Year B, Pentecost 24 November 8, 2015
Our Gospel reading is a deceivingly difficult text. At first glance, it seems like a gift from heaven. Here we are in the middle of our fall stewardship campaign and the Gospel reading is the widow’s mite. Everyone knows that story…the woman who has little gives all she has to her faith community. It’s almost like we purposefully picked this reading for this time of the year. But then you have that darn context again. Right before this lovely story about the widow is Jesus telling the crowd to beware of the scribes who like to walk around in long robes….who devour widow’s houses for the sake of appearances say long prayers. These scribes that Jesus is warning about are the same scribes who might benefit from the gift that this poor widow is making. Furthermore Jesus is accusing them of taking advantage of the plight of widows like her and here she is giving everything she has to them. It seems odd that Jesus would support such a action.

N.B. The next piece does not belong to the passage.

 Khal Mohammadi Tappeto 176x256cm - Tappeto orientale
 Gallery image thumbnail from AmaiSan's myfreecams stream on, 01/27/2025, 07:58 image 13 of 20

We hear a lot about widows in the New Testament as well as the Old Testament. The Bible tells us again and again how important it is to care for widows. There were several reasons this group of people received special attention in the Bible. Now when we think of widows, we consider the emotional ramifications, the loss one experiences when he or she loses their spouse. While that was certainly a factor at this time, the primary social concern was related to caring for the physical needs of the widows.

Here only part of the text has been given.